> _Dataset records_:
*** Block opens ***

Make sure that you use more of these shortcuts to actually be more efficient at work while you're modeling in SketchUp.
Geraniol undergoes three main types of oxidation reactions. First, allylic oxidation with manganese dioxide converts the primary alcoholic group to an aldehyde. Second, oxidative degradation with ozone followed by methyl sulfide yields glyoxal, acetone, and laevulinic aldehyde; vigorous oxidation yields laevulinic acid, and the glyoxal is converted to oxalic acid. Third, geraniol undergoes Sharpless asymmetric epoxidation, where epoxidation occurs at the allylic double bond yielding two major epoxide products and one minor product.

*** Block closes ***
*** Block opens ***

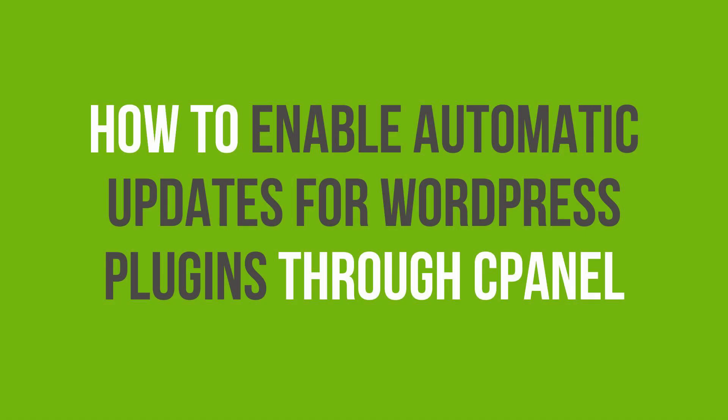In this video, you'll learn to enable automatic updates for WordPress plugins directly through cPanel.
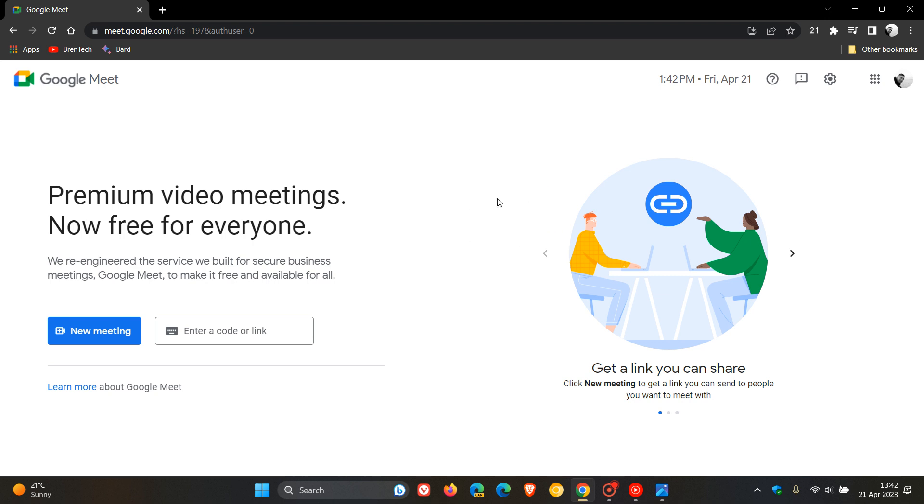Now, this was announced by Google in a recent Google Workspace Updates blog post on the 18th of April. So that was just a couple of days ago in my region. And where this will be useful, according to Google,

*** Block closes ***

> _What needs to be done_: In the listing above, find the line with "In this video, you'll" and the line with "Now, this was". Transcribe those two and everything between, exactly, leaving out pictures.

> _Solution to the problem_:
In this video, you'll learn to enable automatic updates for WordPress plugins directly through cPanel.
Now, this was announced by Google in a recent Google Workspace Updates blog post on the 18th of April. So that was just a couple of days ago in my region. And where this will be useful, according to Google,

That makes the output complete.